OTTAWA (CP) -- Manufacturing sales rose 1.9 percent to $39.7 billion in June, partially reversing a 4.9 percent decline posted in May, Statistics Canada said Friday.
The agency attributed the increase to strong sales in the aerospace industry and a rise in the price of petroleum and coal products.
Constant dollar manufacturing sales rose 1.1 percent in June, indicating that greater sales volumes were responsible for more than half of the increase in sales.
Sales rose in 12 of 21 manufacturing industries in June, representing 68 percent of total sales.
Strength in the aerospace and petroleum industries was partly offset by lower auto sales.
Aerospace sales jumped 61.0 percent to $1.6 billion, offsetting a 44.5% decline in May.
Sales of petroleum and coal products industry rose 6.9 percent, reflecting higher prices for petroleum products. In addition, several refineries increased production in June.
Non-metallic mineral products rose 5.6 percent, furniture and related products were up 4.9 percent and wood products increased by 3.5 percent.
The weak spot was the auto sector, where sales fell 6.0 percent after a 20.8 percent. This weakness reflected several plant shutdowns. In contrast, motor vehicle parts manufacturing edged down only 0.1 percent in June.
Provincial manufacturing sales results were mixed. Sales rose significantly in Newfoundland and Labrador, up 58.0 percent and increased 7.2 percent in New Brunswick.
In Quebec, sales increased 5.7 percent in June, partly reversing an 8.6 percent drop in May.

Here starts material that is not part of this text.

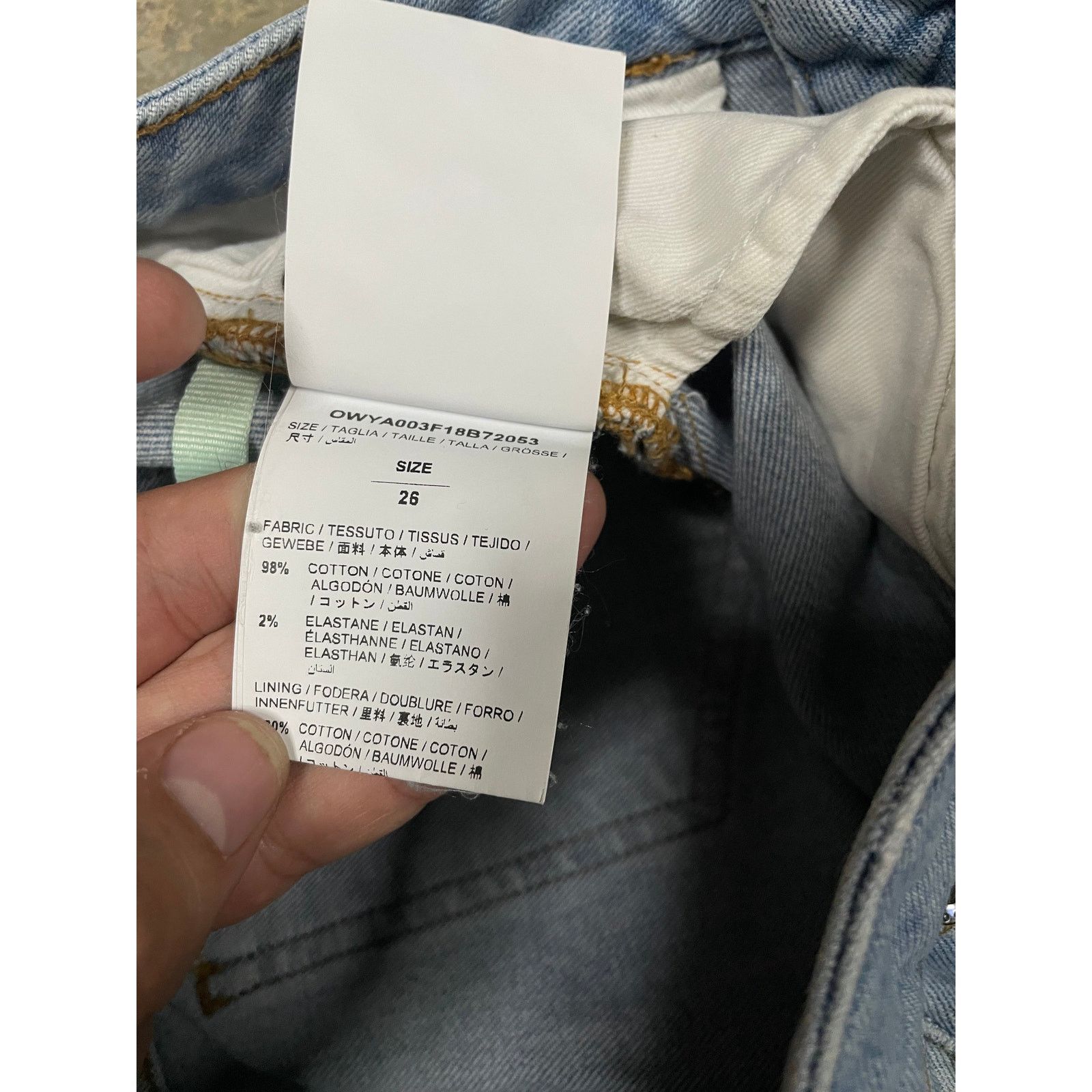 Off-White Off-White Jeans Light Wash Baby Blue 26 Used Size US 26 / EU 42 - 4 Thumbnail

The province's numbers were bolstered by a strong showing in aerospace production, which rose 82.5 percent to $1.1 billion.
Sales in Ontario edged down 0.3 percent in June, largely the result of the decline in motor vehicle manufacturing and a drop in primary metals.
Sales were also off in Prince Edward Island (down 13.2 percent) and Nova Scotia (off 2.8 percent).
Manufacturers reported a 0.1 percent decline in inventories compared to May, with levels falling to $62.7 billion. This was the fifth consecutive monthly decline.